• What the task requires: Print the lines below word for word, beginning with the first and ending with the line that holds "Alright, so that's", and skip every picture.

• Supplied information:
▼

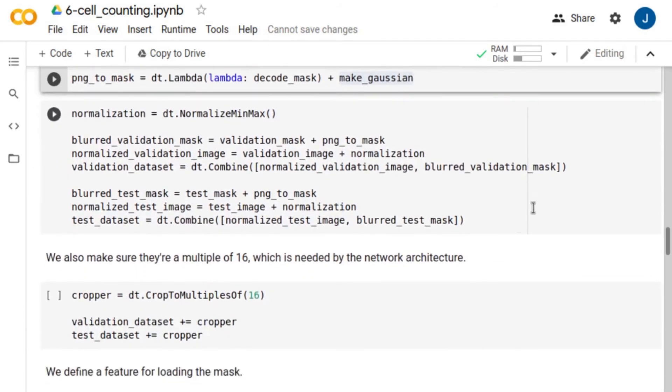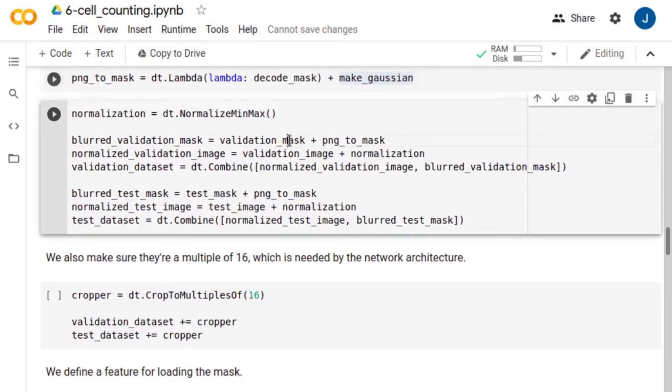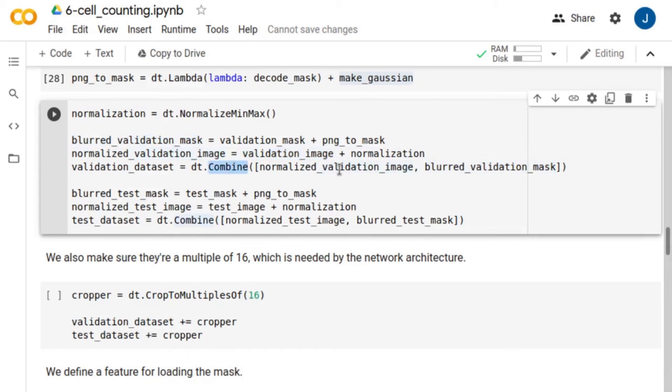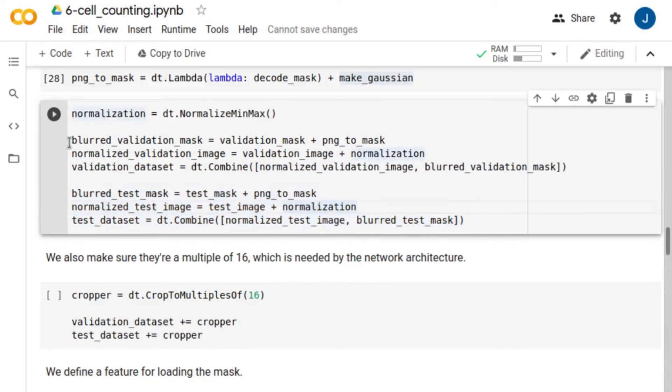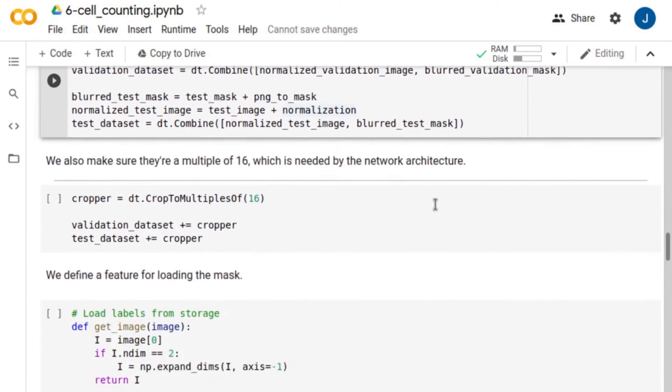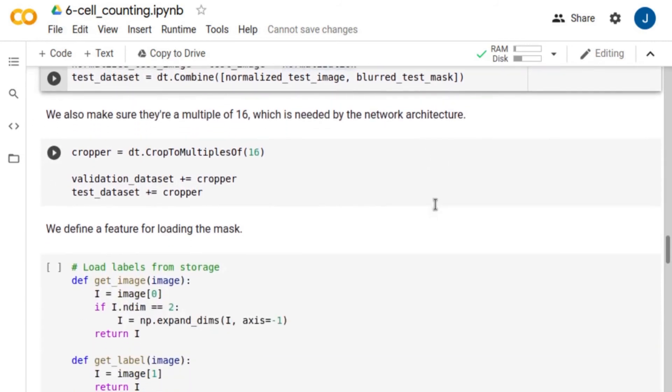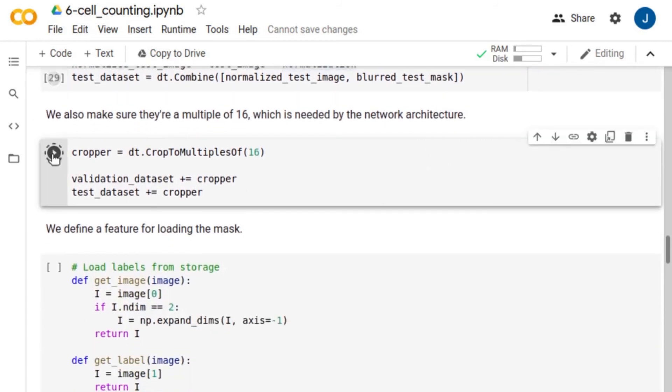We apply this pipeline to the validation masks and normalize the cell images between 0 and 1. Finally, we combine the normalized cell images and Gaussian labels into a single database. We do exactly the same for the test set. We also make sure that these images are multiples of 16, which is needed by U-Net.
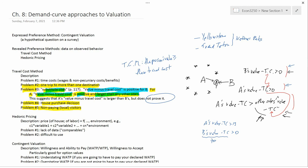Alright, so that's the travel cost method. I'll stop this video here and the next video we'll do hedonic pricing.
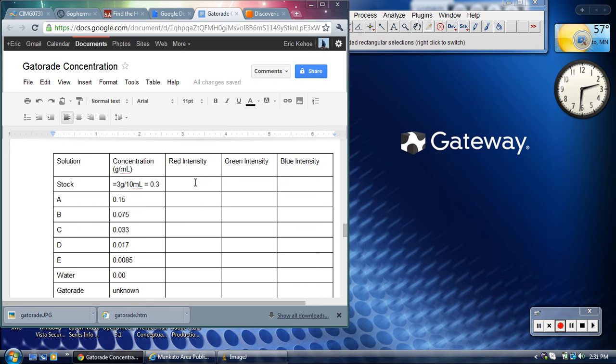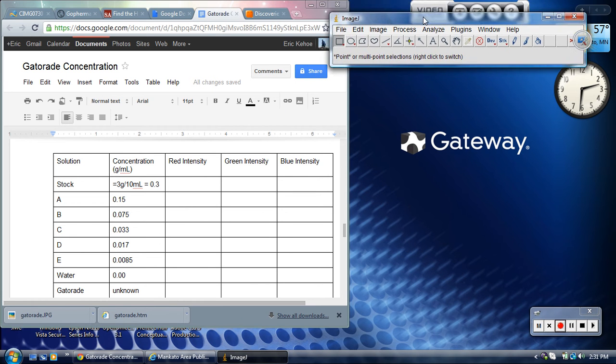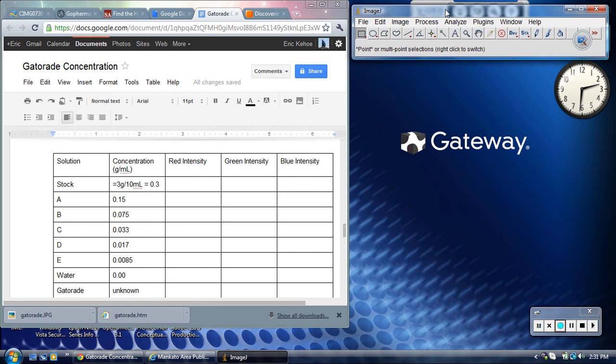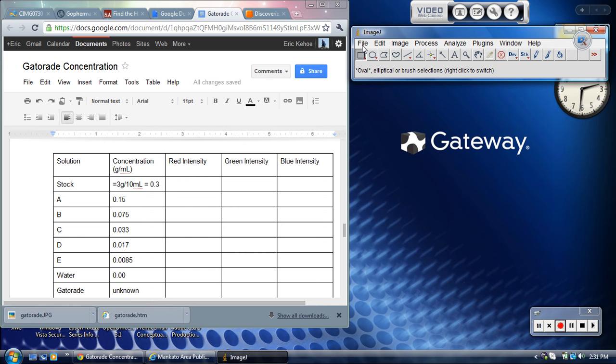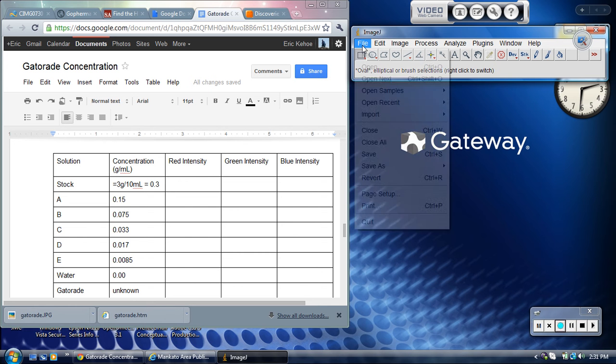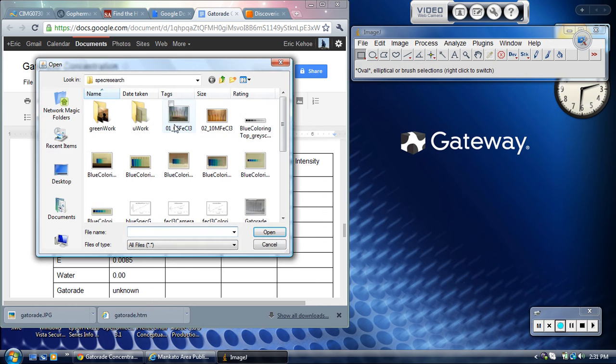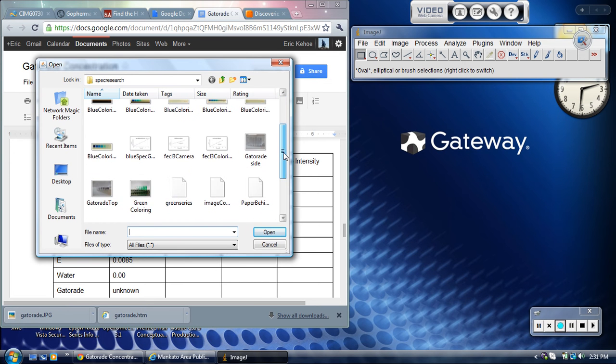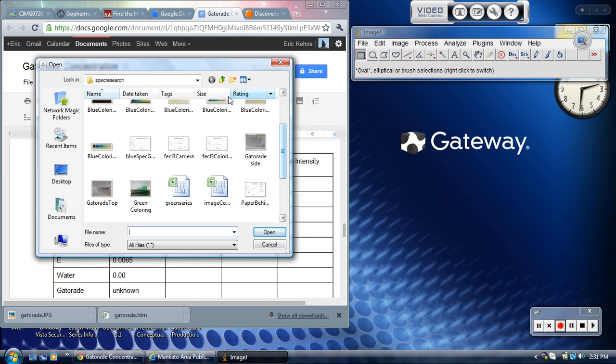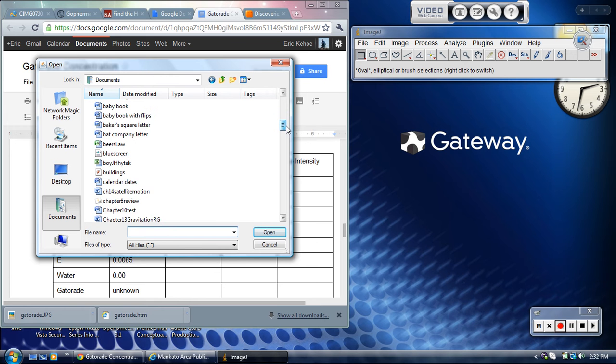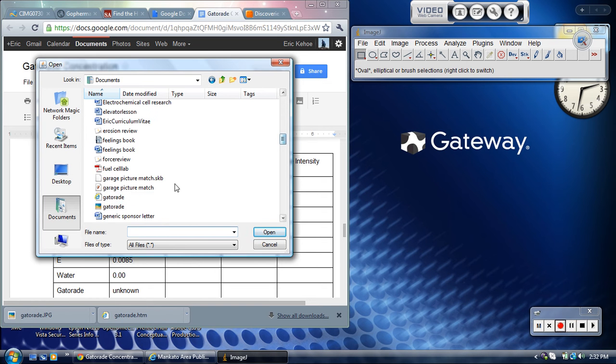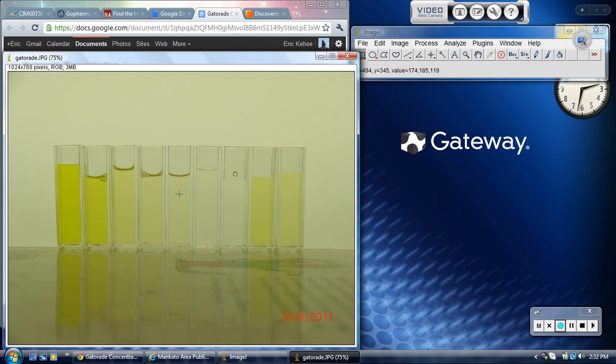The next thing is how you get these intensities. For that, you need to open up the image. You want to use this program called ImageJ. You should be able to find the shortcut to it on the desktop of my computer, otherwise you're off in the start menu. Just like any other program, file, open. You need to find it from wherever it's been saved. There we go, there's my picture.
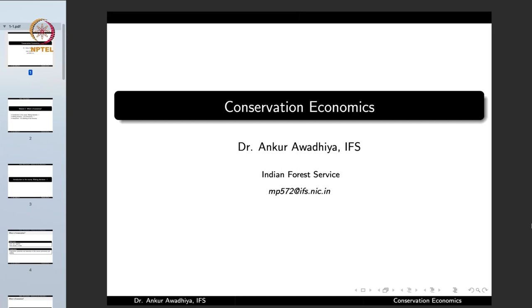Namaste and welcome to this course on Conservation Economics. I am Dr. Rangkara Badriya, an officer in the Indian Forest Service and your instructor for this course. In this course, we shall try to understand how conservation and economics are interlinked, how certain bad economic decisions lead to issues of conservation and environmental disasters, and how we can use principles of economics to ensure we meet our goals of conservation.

▲

• Completed exercise:
We apply this pipeline to the validation masks and normalize the cell images between 0 and 1. Finally, we combine the normalized cell images and Gaussian labels into a single database. We do exactly the same for the test set. We also make sure that these images are multiples of 16, which is needed by U-Net.
Alright, so that's the travel cost method. I'll stop this video here and the next video we'll do hedonic pricing.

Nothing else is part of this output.